Selector Optimizes Performance of the Epic EHR Environment

Quality medical care today relies on “health systems” built from geographically distributed healthcare settings such as hospitals, urgent care clinics, imaging centers, nursing homes, pharmacies, and specialist offices, among many others. Each setting shares data within the broader health system through Electronic Health Records (EHRs). EHR systems, which were purpose-built to manage patient records, help improve patient outcomes through the real-time sharing of patient data. Several EHR systems are available today, with Epic being the most prominent.
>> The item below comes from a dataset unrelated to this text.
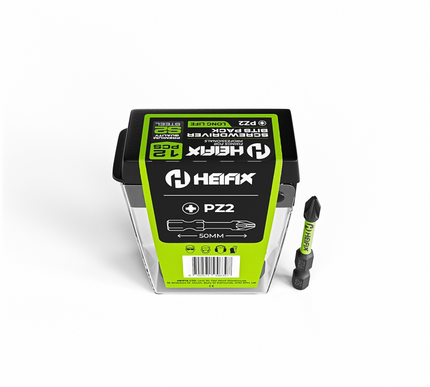 PZ2 Impact Screwdriver Bit Set 50mm (Magnetic) – 12 Pack – Heifix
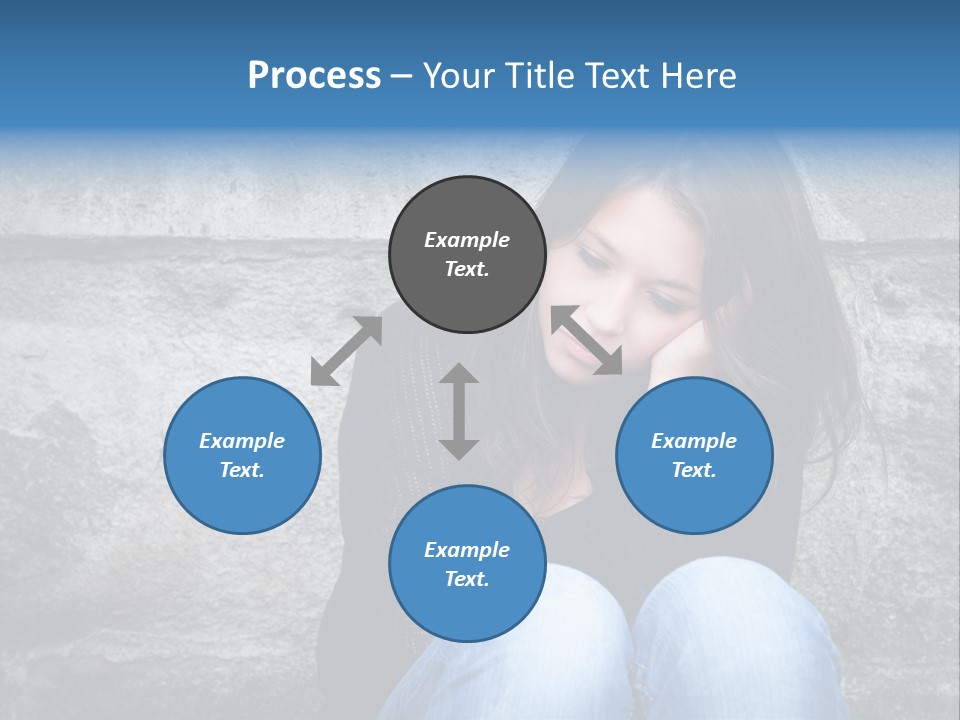 A Woman Sitting On The Ground With Her Hand On Her Head PowerPoint Template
Over time, EHRs have evolved into a broader healthcare operating system, helping administrators manage health records, nurse work assignments, nurse reviews, employee assessments, payroll, budgeting, recruiting, patient portals, patient records, and more. Because EHRs are so deeply ingrained into the hospital’s business, even the slightest performance issue materially affects the entire organization. 

Unfortunately, performance issues occur frequently, and the impact on the organization is often severe. This is because the EHR system is part of a complex healthcare IT ecosystem, where an issue in one place, such as the network, can wreak havoc across all the systems within the environment. Given these risks, organizations must ensure the proper health of the IT environment across their stack—from network, compute, and storage infrastructure to cloud and EHR applications.

Historically, administrators relied on a suite of products to help address these challenges. IT teams would manually inspect the data and connect the dots to resolve problematic issues. As one might imagine, this process is time-consuming and requires significant effort on behalf of the team. Fortunately, Selector’s purpose-built solution for healthcare observability delivers comprehensive full-stack observability and powerful AI/ML-driven capabilities, such as root cause analysis and event correlation, that continuously analyze the environment, surfacing insights in real-time.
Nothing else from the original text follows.